Le lien entre le krach d’octobre 1929 et la Grande Dépression n’est pas aussi évident qu’il n'y paraît et reste une question ouverte sous un certain nombre d’aspects. En effet, sachant que seulement 2% des ménages possédaient des actions à l’époque, l’effet direct sur le portefeuille de la population dans son ensemble est plutôt faible, ce qui n’est pas sans rappeler les épisodes que nous avons vus précédemment. Ces derniers peuvent aussi laisser à penser qu’il y a eu des gagnants et des perdants, et que si des investisseurs astucieux savaient surfer la bulle en 1720, il n’y a pas de raison de penser que cette connaissance s’est perdue en 1929…

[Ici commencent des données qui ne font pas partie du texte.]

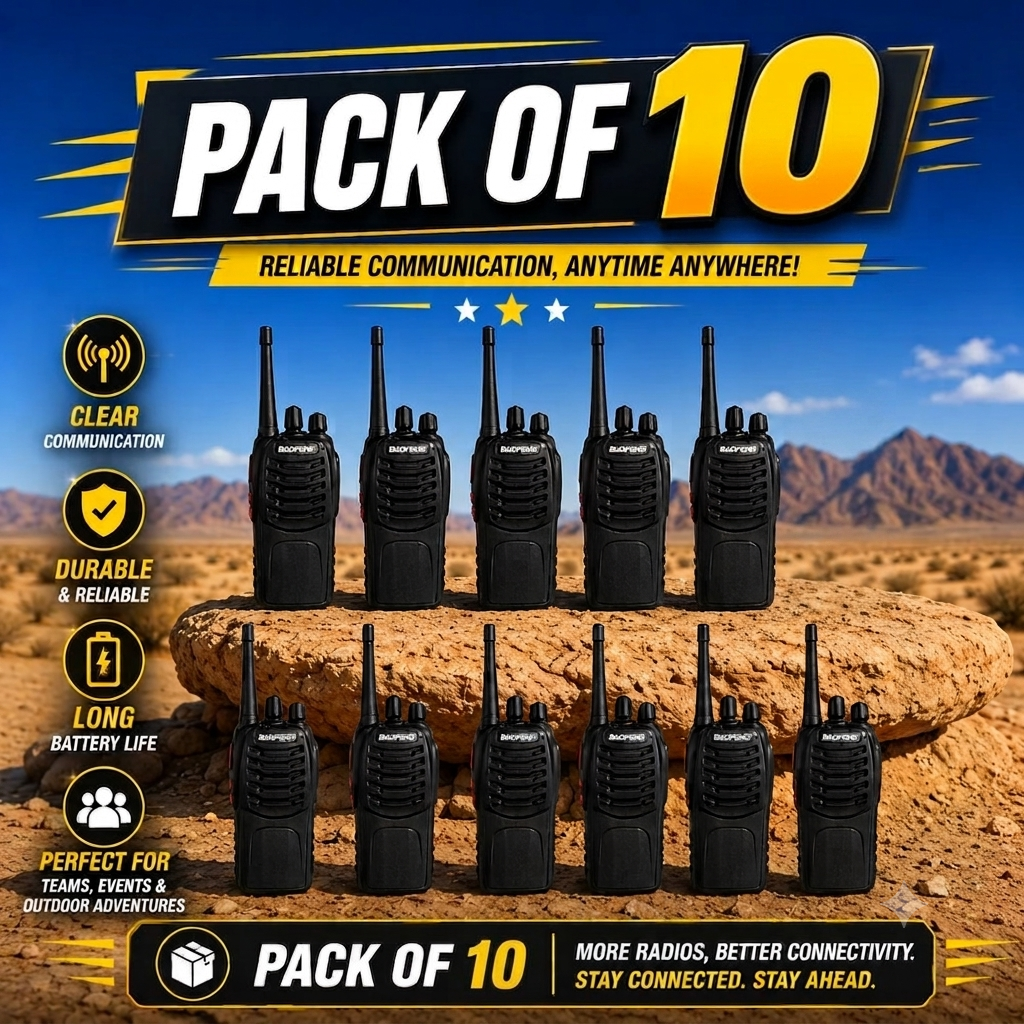 Talkcomm Black BF-888S Walkie Talkie two way Radios with Earphones, 16 Channel  (Pack of 10)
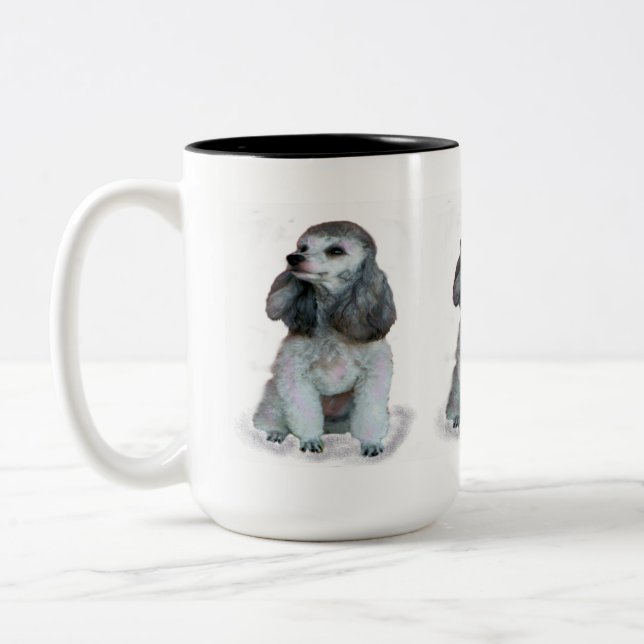 "FRANZÖSISCHE PUDEL-TASSE " ZWEIFARBIGE TASSE (Links)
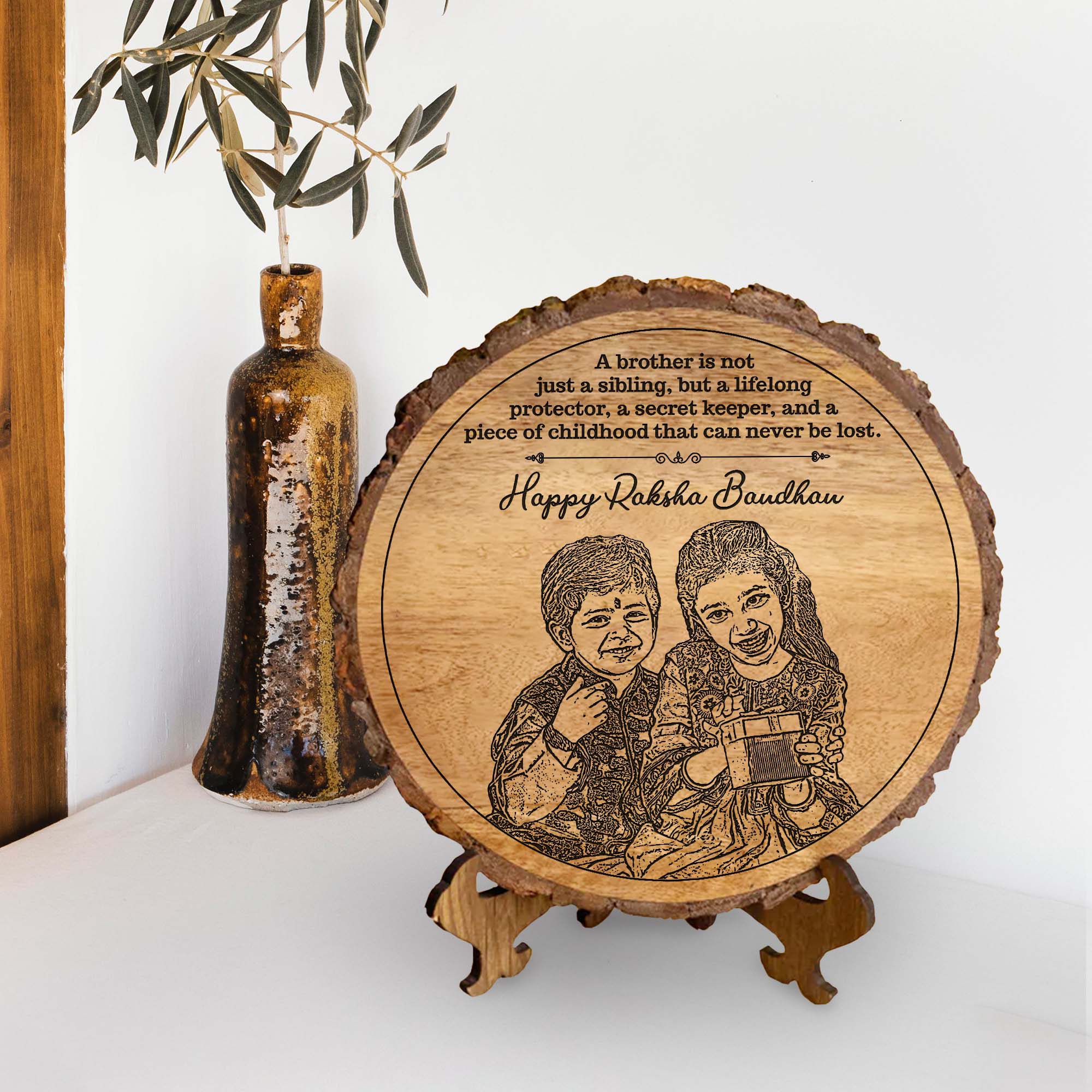 Personalized Raksha Bandhan sibling gift plaque – A Timeless Bond in Wood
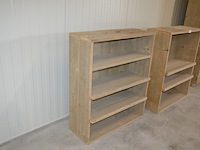 2 moderne vol houten rekken 2 leggers en 3 leggers afm. 100x38x120 , modern vol houten tv meubel 2 laden 1 legger afm. 120x43x72 - afbeelding 6 van  9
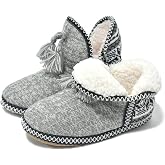 GPOS Womens Knit Faux-Cashmere House Bootie Slippers Quilted Ankle Boots | Lightweight Winter Comfort Memory Foam, Cotton Warm Lined Cozy Cute Bedroom Slipper Boots Non-Slip Grippers Indoor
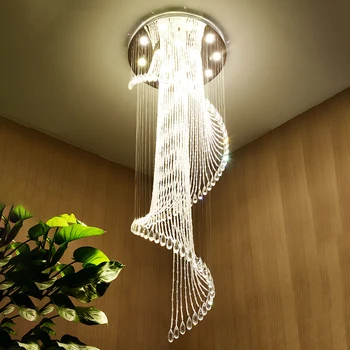 Moderne Spiral Crystal Trappe Til Loftet Lysekrone Loft Teater Kreative Villa Hall Lange Hængende Lampe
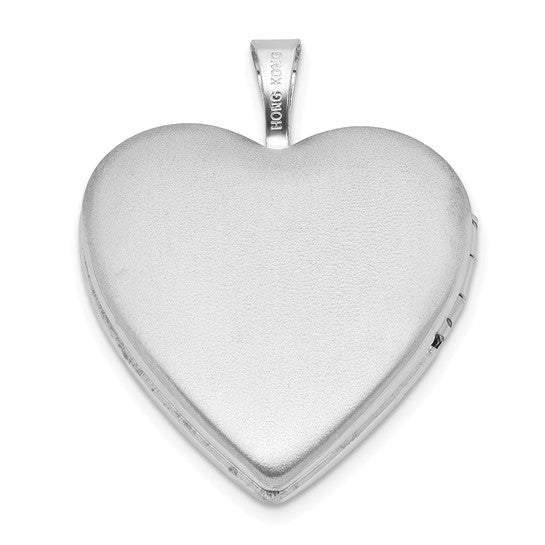 Sterling Silver RH-pl I LOVE YOU TO THE MOON AND.. 20mm Heart Locket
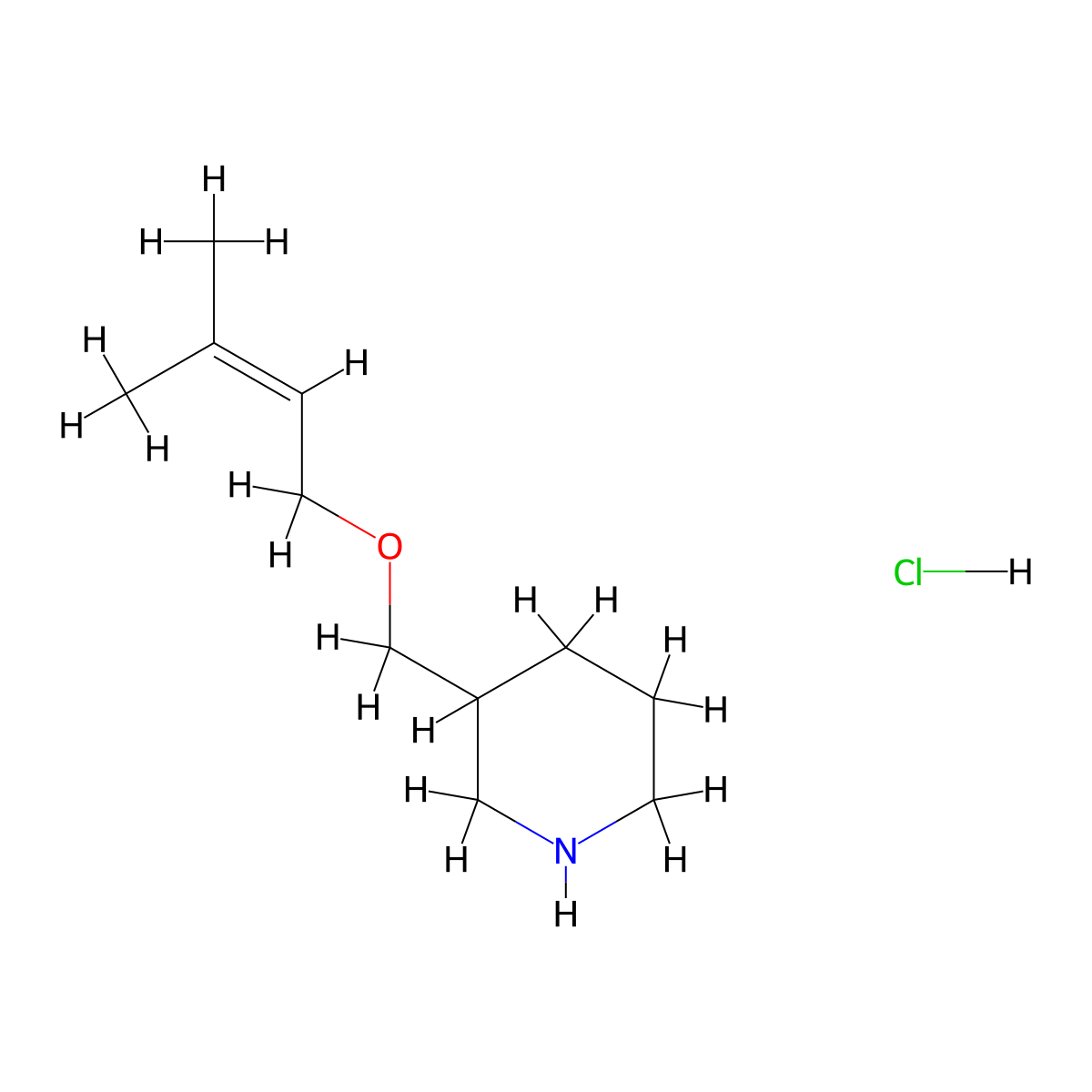 3-{[(3-Methyl-2-butenyl)oxy]methyl}piperidine hydrochloride molecular structure, CAS 1185297-60-2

Cependant, cette bulle a bien quelque chose de spécial : le 24 octobre 1929, devenu depuis Jeudi Noir, les grands argentiers de New York décident d’intervenir pour contenir la chute des cours, comme ils sont parvenus à le faire avec succès lors de la Panique de 1907. Seulement le répit n’est que temporaire et ils ne peuvent rien quand le marché s’effondre définitivement. Pourquoi cette action concertée n’a-t-elle donc pas eu l’effet escompté ?

La réponse est à trouver semble-t-il dans l’émergence d’une société où la consommation prend une place prépondérante. Dans un monde qui découvre les joies du marketing, des nouveaux modèles de voiture tous les ans et où l’Etat prend une place infime par rapport à ce qu’on peut voir aujourd’hui, les décisions des agents économiques sont décentralisées et incontrôlables. Deux théories confortent cette idée :
  • La déflation par la dette de Fisher5 : L’endettement des ménages a beaucoup augmenté durant le boom, pour financer l’achat et la construction de nouveaux logements individuels. Lorsque survient le krach, la baisse des prix et des salaires rend le poids de la dette plus lourd à porter, ce qui force les ménages à liquider leurs actifs et à réduire leur consommation, ce qui fait baisser encore plus les prix, et ainsi de suite.
  • L’incertitude dans la décision de consommation : Le travail de Christina Romer montre comment l’économie réelle américaine a été affectée par l’incertitude massive causée par le krach. En effet, incapables de déterminer la direction des événements, les consommateurs et les producteurs ont réduit la voilure face au spectre très réel d’une crise d’envergure.
Pourtant, ce que nous venons de décrire n'est rien d'autre que les risques auxquels s'expose une économie moderne ! En d'autres termes, ce n’est rien de moins que l’avènement de la macroéconomie en tant que discipline à part entière qui explique la différence entre nos vieilles bulles des 17e et 18e siècles et la crise de 1929 !


1. C’est ce qu’on appelle le Closed-end fund puzzle, voir par exemple le papier de Lee, Shleifer et Thaler : Investor Sentiment and the Closed-end fund puzzle.
2. Cette métrique est similaire à celle qu’utilisent Voth et Temin dans leur étude de la bulle des Mers du Sud
3. En VO : “ It is difficult not to marvel at the imagination which was implicit in this gargantuan insanity. If there must be madness something may be said for having it on a heroic scale”, The Great Crash, 1954.
4. Voir par exemple les Etats-Unis de Roosevelt, par rapport à la France d’avant le Front Populaire.
5. Le second de cet article. Les Fisher prolifèrent, mais pas de façon excessive.